Au sein d’une société léthargique, Godzilla réapparait tandis que trois monstres gardiens se dressent contre lui.



Se rappeler pour se souvenir et agir avant de périr



Tomoyuki Tanaka (producteur de la série de films Godzilla) déclarait :



Godzilla est un animal sacré envoyé par les dieux pour annoncer aux
hommes d’aujourd’hui l’horreur de la guerre atomique.



Un propos teinté d’une peur qui semble faire écho avec celui du témoin du premier test atomique, le général Farrell :



Pareil à un avertissement du Jugement dernier, nous comprîmes que
nous avions eu, êtres infimes, l’audace sacrilège de toucher aux
forces jusqu’ici réservées au Tout-Puissant.



Pour toutes ces raisons, Godzilla demeurera à jamais une excellente incarnation de la terreur qu’inspire la bombe. Une terreur qui a parfois besoin d’un rappel puisque la paix est bien souvent la principale cause de l’amnésie collective.


Nous oublions et nous répétons nos erreurs.
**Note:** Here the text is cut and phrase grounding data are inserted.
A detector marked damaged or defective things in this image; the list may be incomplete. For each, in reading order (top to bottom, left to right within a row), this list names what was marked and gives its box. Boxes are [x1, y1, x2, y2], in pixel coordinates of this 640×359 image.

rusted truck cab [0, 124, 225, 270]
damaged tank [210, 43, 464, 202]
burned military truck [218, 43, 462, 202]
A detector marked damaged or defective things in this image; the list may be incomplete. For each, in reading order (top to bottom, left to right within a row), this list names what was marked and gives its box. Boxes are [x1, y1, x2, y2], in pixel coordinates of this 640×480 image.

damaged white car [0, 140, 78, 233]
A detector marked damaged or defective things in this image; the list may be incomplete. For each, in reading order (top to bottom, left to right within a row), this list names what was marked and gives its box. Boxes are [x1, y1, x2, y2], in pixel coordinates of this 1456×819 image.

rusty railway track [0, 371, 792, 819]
Tel est le cycle infernal de nos civilisations qui, au fil du temps, ne se souviennent plus et chutent en conséquence de leur ignorance. La narration met en place un procédé qui vise à mettre en scène l’oubli des civilisations pour les erreurs du passé. Car en 1954, la réponse à l’attaque de Godzilla fut un déploiement de toute la force moderne de l’Homme. Un arsenal technologique dont l’arrogance vacille dès le premier contact. Victoire de la Nature et défaite de l’Homme, l’humanité est menacée par une puissance née du feu de ses ravages en temps de guerre. Le monstre sera en un sens apaisé par un sacrifice.


Quelques décennies s’écoulent et l’Homme vaincu se pavane pourtant en héros tueur de monstres : la nation japonaise vit dans l’ignorance à tel point qu’elle renie l’existence de Godzilla, des voyous iconoclastes profanent les objets sacrés, l’irrespect pour les sacrifiés de la guerre est assumé. Et sur ce point, Godzilla est plus que jamais présenté comme un dieu colérique qui vient punir l’humanité en infligeant des calamités.



L’Homme et le Monstre



Ce nouveau retour de Godzilla n’obéit pas qu’à des objectifs commerciaux. On ne le répètera jamais assez, mais l’immortalité des monstres au cinéma n’est pas étrangère aux tendances du moment chez la mentalité nippon. Indéniablement, le monstre est associé à un axiome culturel ou religieux.


Un concept à comprendre : le « shinto ». Il s’agit d’une voie divine qui impose à l’Homme de respecter la volonté des « kami » et donc d’agir avec le respect de la Nature. Le syncrétisme fait de Godzilla un kami. A l’instar de certains objets de la culture japonaise qui permettent aux âmes « tama » de survivre en eux, Godzilla est animé par les âmes des morts de la guerre du Pacifique. On trouve aussi cette croyance adaptée dans le film chez la philosophie bouddhiste où une âme survit toujours par les émotions et les perceptions qu’elle transmet à la conscience d’un nouvel organisme physique.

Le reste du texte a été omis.